İplikler ve tekstil el sanatları konusunda tutkulu olan Cherry, üniversite yıllarında Uluslararası Ticaret alanında uzmanlaşmayı seçti. Mezun olduktan sonra, birkaç yıl boyunca büyük bir tekstil fabrikasında çalıştı ve burada sektörde zengin bir deneyim ve bağlantılar kazandı. Ancak içinde her zaman çevre dostu ve sürdürülebilir ürünlere odaklanarak kendi iplik markasını kurma hayali vardı.

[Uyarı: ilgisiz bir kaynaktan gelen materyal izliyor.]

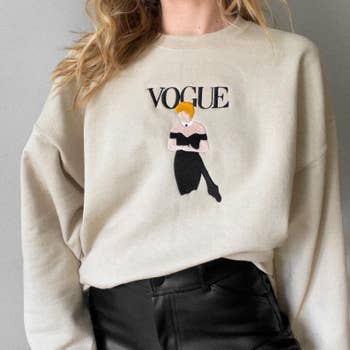 The beige sweatshirt with an embroidered illustration of Princess Diana in a strapless black dress on the front and the word 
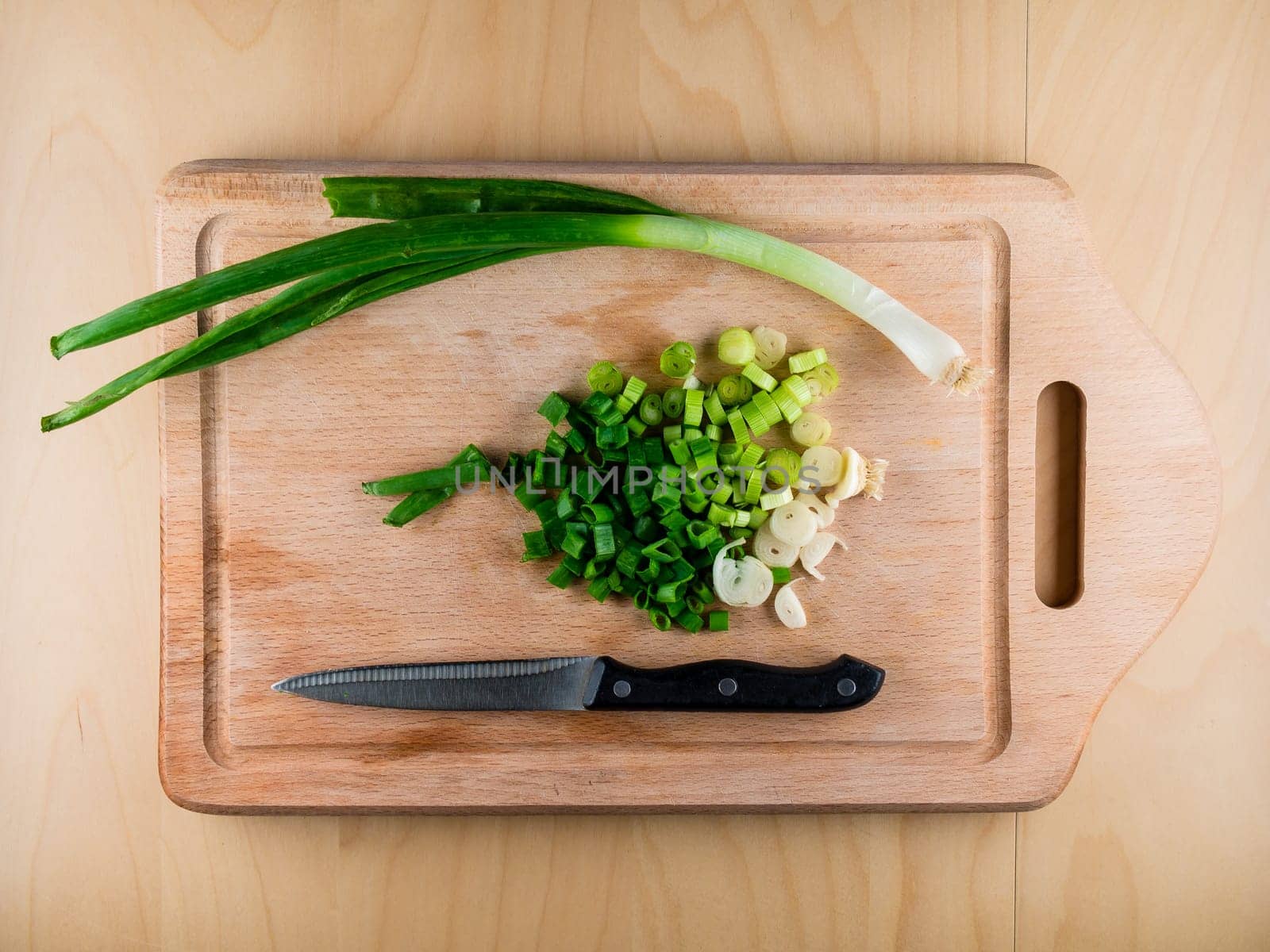 Heart shaped pile of bunching onion on the wooden board, from the top view, healthy life style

Cherry, 2016 yılında istikrarlı işinden ayrılmaya ve girişimcilik yolculuğuna başlamaya karar verdi. Pazar eğilimleri ve tüketici ihtiyaçları hakkında daha derin bir anlayış kazanmak için çevrimiçi ve çevrimdışı araştırmalar yaparak başladı ve giderek daha fazla insanın çevre koruma ve sürdürülebilirliğe odaklandığını ve bu alanda iplik endüstrisinde hala büyük bir boşluk olduğunu fark etti.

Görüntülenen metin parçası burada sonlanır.